Entre ces deux lignes directrices qui se complètent voire se superposent, il y a la place pour construire un modèle vertueux  à l’instar de la filière microélectronique qui regagne en emplois qualifiés, ce qu’elle est en train de perdre dans la production de silicium, car le dilemme est bien d’infléchir une direction : Rester le 5ème  site en Europe pour la production de Silicium au prix de mesures publiques de soutien exceptionnelles, ou générer  des start-up susceptibles de devenir des leaders mondiaux après quelques années sur des activités à plus forte valeur ajoutée cf. Gemalto, Impika, InsideSecure, SPS,.
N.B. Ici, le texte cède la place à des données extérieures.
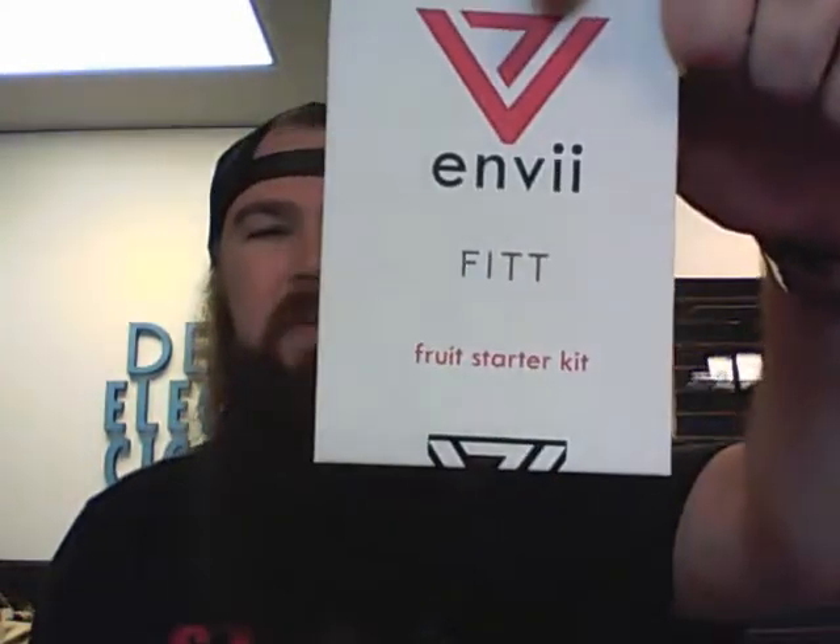How's it going today guys? Dylan with Denver Electronics Cigarettes, and today I wanted to show you the Venvi Fit — an awesome little mouth-to-lung starter kit pod system.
De même dans la santé ou le secteur public est archi dominant, les chances d’implanter un grand groupe pharmaceutique reposent principalement sur la valeur des start-up que génèreront les entrepreneurs et chercheurs de ce secteur.  Après tout, si le groupe US Bechman Coulter (3ème société de diagnostique dans le monde) est implanté en Provence, c’est grâce à l’absorption d’Immunotech en 1997, société fondée par un chercheur Marseillais; 8 start up ont essaimé en 12 ans dont la star mondiale Innate Pharma (1 mds d’euros de contrats de licence avec Bristol Myers Squibb).

La Provence à la singularité d’avoir un territoire qui décline une image à  l’international indépendante de ses fondamentaux économiques ; Il existe de ce fait une marge de manœuvre significative pour « monétiser » cette image dans de nombreuses activités, agroalimentaire, cosmétique, textile, tourisme etc.

Chacun sait que les parts de marché en Provence se gagneront sur l’aval ou ne seront pas, c’est pourquoi la promotion des filières professionnelles courtes et techniques n’a de sens à long terme, que de subvenir principalement aux gisements d’emplois en sous-traitance industrielle ou en  travaux de maintenance et rénovation au bénéfice des particuliers propriétaires. Il serait temps d’orienter aussi les moins diplômés vers les métiers de proximité et de services à la personne, les langues vivantes, les loisirs, le tourisme, les métiers de la création, le E-commerce etc.

Compte tenu de l’attrait naturel qu’exerce cette région pour les séniors aisés, la Provence en 2050, pourrait tout à fait être majoritairement détenue par des fortunes étrangères, qui n’auront alors aucune difficulté à recruter une main d’œuvre endogène bon marché dans toutes les fonctions de services.  Pour les plus diplômés désireux de rester ou de revenir au pays, la compétition individuelle se jouera sur leur capacité à générer de la valeur ajoutée ; A toute fonction égale par ailleurs, la créativité sera décisive pour l’obtention du graal.